First, what “functional obsolescence” means is that a feature or design of a home is not what matches other properties around it or what people are buying in that general area. So a two-bedroom, one-bathroom home in a part of town where similar homes have been torn down and replaced with four-bedroom, two bathroom homes could be considered “functionally obsolete” even if the house is perfectly livable.
“Functionally obsolete” has also been used to describe floor plans, closet sizes, kitchens, and a variety of other home features. Sometimes the term is accurate. Outdated wiring, for example, can be functionally obsolete and pose a hazard to the safety of those within the home. Too often, however, “functionally obsolete” is used as an easy way to recommend demolition of a property before any serious effort has gone into attempts to restore it or market it to those who would do so.
In the context of “functionally obsolete,” compare what’s happening in southwest Minneapolis or Edina to demolitions in north Minneapolis. Personally, I’m not a big fan of the mini-mansions on undersized lots going up in place of otherwise viable homes. But at least in those cases, you could classify the smaller homes as functionally obsolete due to the private market creating demand for a specific kind of house in a certain area. Over north, however, we have more vacant lots than we know what to do with, we have too many vacant homes, and we have people in need of housing. Both younger individuals and retirees often look for homes that are smaller with fewer bedrooms and bathrooms. Yet these very styles of houses are deemed obsolete and torn down.
Which brings us to the next term, that the house “doesn’t meet the demands of the current housing market.” I have to wonder if the city staffers who use this phrase are licensed realtors. If so, how many houses in north Minneapolis have they sold in the past twelve months? If they are not, and I assume that is the case, then what is their professional certificaiton that allows them to objectively make such a statement? What does the city do to market their houses before determining that they do not in fact meet the demands of the housing market?
Last I checked, smaller homes with significant rehab were selling pretty quickly and getting decent press coverage in north Minneapolis. And if we are so worried about creating houses that have different floor plans, open kitchens, bigger closets, and other modern amenities that could be considered the “demands of the current housing market,” there are over 400 vacant lots in north already, most of which are owned by the city or county. Take your pick.

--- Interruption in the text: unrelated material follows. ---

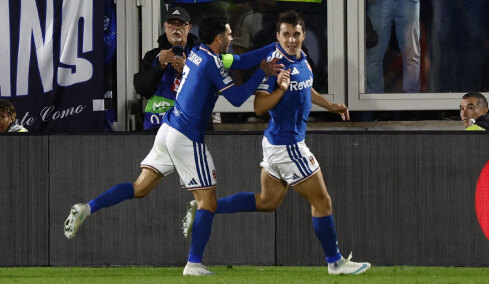 Σκόραρε ο Δουβίκας και η Κόμο «διέλυσε» με 4-1 τη Μάντσεστερ Γιουνάιτεντ, η Γαλατά 4-2 την Λιλ στη Γαλλία, δείτε τα γκολ 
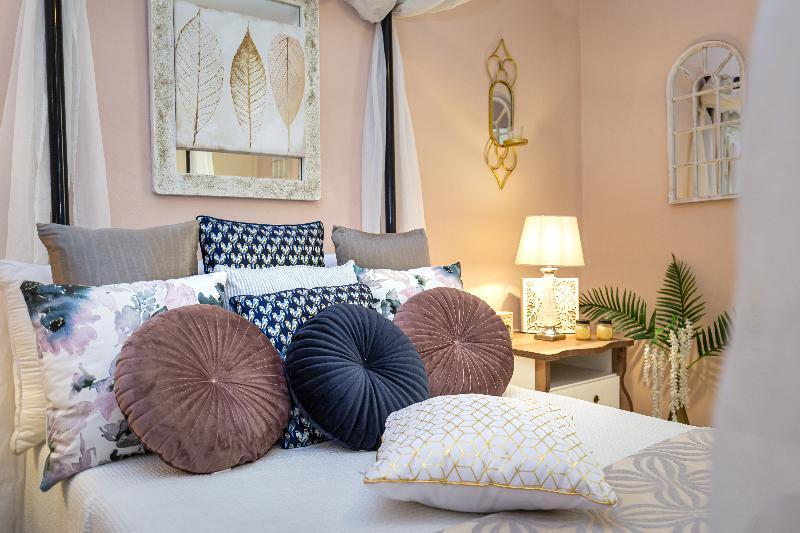V.a Boutique And Apartment *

(And then leave the older homes to people like me, who are just fine with their perceived drawbacks. We’ll cover the demands of the current housing market too.)
And there is a third reason to throw out these two catch phrases, and that’s so that another favorite city buzzword can actually be put into action: Equity.
Many of the homes deemed functionally obsolete or not meeting the current demands of the housing market are smaller houses, containing perhaps one or two bedrooms and one bathroom. Now I look all around my home in north Minneapolis and I see Gateway Lofts already built. Common Bond apartments are under construction around the corner. Broadway Flats will be built across the street from me. And Devean George’s apartment building will go up at Penn and Golden Valley. And to be perfectly clear, I am generally supportive of these projects.
How many bedrooms will most of these units have, and how many bathrooms? If you guessed “mostly one- or two-bedroom units” and “one bathroom,” congratulations you win the equity no-prize of the day.
So let’s get this straight: It is somehow okay to heavily subsidize the construction of hundreds of one- or two-bedroom, one-bathroom housing units in my community for people to *rent.* But when little to no subsidy is required to give people in the same income level in the same community the chance to *own* a home that functions in a similar way, suddenly that’s considered functionally obsolete.
There’s another word for such tactics when they are employed in communities of color: Redlining.
I understand that home ownership isn’t for everyone, and that the funding used to construct apartment units is often very different than (what little) public money would be needed to get these homes rehabbed. But even well-intentioned policies that have a disparate racial impact can be the basis for lawsuits or other corrective action. If we’re destroying opportunities for ownership while creating very similar opportunities for rental, that does seem fundamentally unjust.
Just this week, the mayor proposed creating two positions at the city to implement “equity,” right down to monitoring where certain products are purchased. But when it comes to actively creating equitable opportunities for home ownership in my community, it looks like the city is going backwards.